Performance Optimization

# Set number of parallel inference requests
export OLLAMA_NUM_PARALLEL=2

# Set context window size (default: 2048)
export OLLAMA_NUM_CTX=4096

# Increase Flash Attention for better GPU utilization
export OLLAMA_FLASH_ATTENTION=1

# Keep models in memory between requests
export OLLAMA_KEEP_ALIVE="30m"  # Keep loaded for 30 minutes

# Run multiple instances on multi-GPU systems
export CUDA_VISIBLE_DEVICES=0 ollama serve &  # GPU 0
export CUDA_VISIBLE_DEVICES=1 ollama serve &  # GPU 1

Troubleshooting

"Error: model not found"

# Pull the model first
ollama pull llama3.2
ollama list  # Verify it's downloaded

GPU not detected

# Verify NVIDIA driver
nvidia-smi

# Check Ollama debug output
OLLAMA_DEBUG=1 ollama run llama3.2 "test" 2>&1 | head -50

"Out of memory" errors

# Use a smaller/more quantized model
ollama pull llama3.2:3b-instruct-q4_K_S  # Most compressed

# Reduce context window
ollama run llama3.2 --parameter num_ctx 1024 "test"

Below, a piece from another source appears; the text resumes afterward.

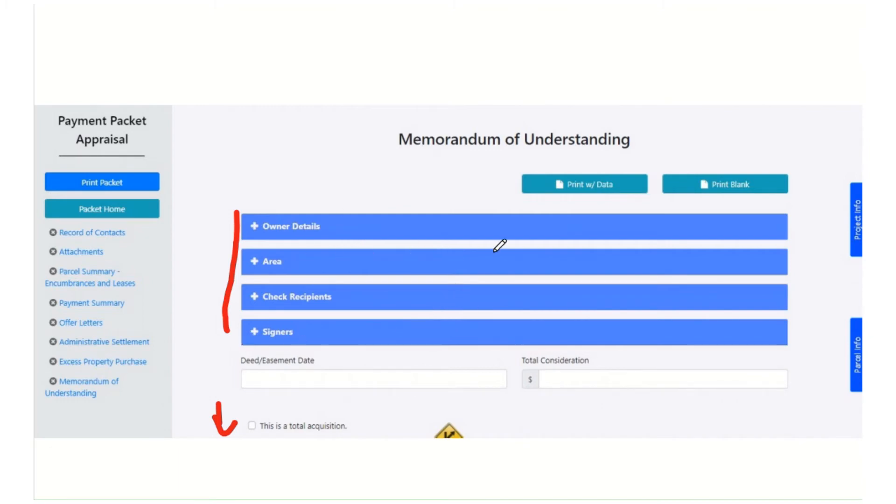You can fill out all this on your MOU and then hit the print with data button. That will generate your MOU as a PDF. You could then print that PDF and have the owner actually physically sign the paper, then go back to attachments and upload the signed MOU. If you are already doing signatures in Adobe, you could have the owner sign that PDF and upload it to attachments. Or you can just print it totally blank, fill it out by hand, have the owner fill it out, and then upload it. Either way will work, but we do want to end up with a signed MOU uploaded for each of the packets.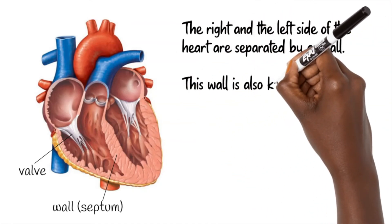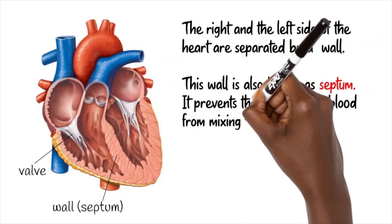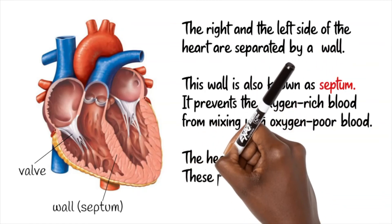The right and the left side of the heart are separated by a wall, also known as the septum. It prevents the oxygen-rich blood from mixing with oxygen-poor blood.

API not accessible remotely

# Check if Ollama is bound to all interfaces
ss -tlnp | grep 11434

# Set OLLAMA_HOST and restart
sudo systemctl edit ollama
# Add: Environment="OLLAMA_HOST=0.0.0.0"
sudo systemctl restart ollama

Conclusion

Ollama makes deploying large language models on Linux servers accessible without complex configuration, and its OpenAI-compatible API lets you integrate local inference into existing applications with minimal code changes. GPU acceleration with NVIDIA CUDA or AMD ROCm is detected automatically, and models can be kept warm in memory for low-latency inference in production environments.